My mother was, at first, concerned. My father and uncle, though, put her immediately at ease. Unless Darshan was not worthy of his family’s excellent reputation, we had nothing to fear. Either he would cut short our flourishing friendship and marry another, or he would persuade them to accept me. Whichever it was, unless I put myself in a compromising position, I could not be harmed by this informal courtship.
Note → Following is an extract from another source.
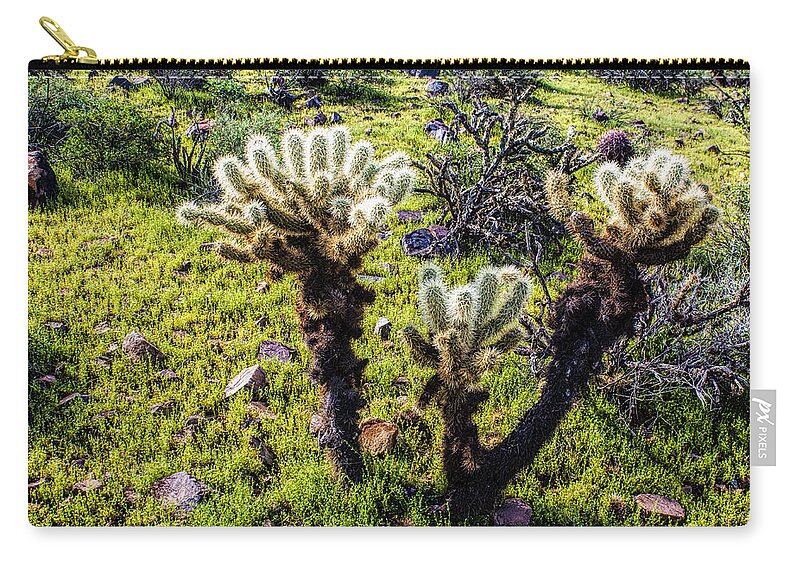 Fred Larson Zip Pouch featuring the photograph Teddy-bear Cholla by Fred Larson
I would know soon enough which it was to be.

I continued to see Darshan for months, most often on campus or when I was visiting Padmini, who protected us when Darshan and I wanted to be alone. I had fallen deeply in love by then, something I had hoped would not happen to me until after I was married to a good man. Many Indian girls of my class were making love matches, but I had seen first hand how many hurdles they had been forced to overcome. I had hoped to miss that particular obstacle course.

Tomorrow: Part Three


  1. Sally Pifer on July 2, 2009 at 8:02 am

    Happiness to me: waking up to a clean, orderly house and my own bed and pillow at night after a hard day.

  2. Rosemary Reeves on July 2, 2009 at 3:21 pm

    I’ve been waiting for Happiness Key to be released but PURE HAPPINESS to me was that amazon.com released it in KINDLE form. Now I can read it comfortably on my way to ITALY. Keep them coming Emilie…. I read everything you write. I’ve loved them all.

  3. Emilie Richards on July 2, 2009 at 4:03 pm

    Oh, that’s neat. You clearly love your Kindle. And I’m so glad you’re enjoying my novels, even taking one to Italy.

  4. Gayle O on July 3, 2009 at 8:59 pm

    I also have a Kindle and it has not only made me happy but my mother. Whenever she is visiting me, she borrows my Kindle and just reads away. She also loves it. I’m thinking of getting her her own Kindle for her 80th birthday in February. Watching her enjoyment with something that I also enjoy makes me very happy,
    Thank you for entering me in your contest.

  5. Vicki Hancock on July 4, 2009 at 6:38 pm

    I love my Kindle. I love seeing a book I want and knowing that more than likely I can go straight to Amazon.com and download it in a minute without worrying about driving to a bookstore (the closest being about 30 miles). I love it. For those that don’t have one, get one!! Expensive, yes but worth every penny!!!

  6. Joan Woods on July 10, 2009 at 7:35 am

    Happiness to me is being with my family.Of course, I am always happy when I am reading a good book. I don’t have a Kindle but want one very much. Maybe one of these days.

  7. Patricia Barraclough on September 6, 2009 at 1:25 pm

    How many American women would look at marriage and love this way. Many parents do want a good match for their children, but not all. I often wish our daughter would have let us make a match for here. Stars can get in your eyes and then you don’t see who the person really is.

  8. Patricia Barraclough on September 6, 2009 at 5:02 pm

    Like Janya, I met my perfect match. I sat next to him in a high school chemistry class. I’m amazed and very happy that we met up again 7 years later. We never dated, we were just friends. I’m happy we had the friendship first. It is a good foundation for love.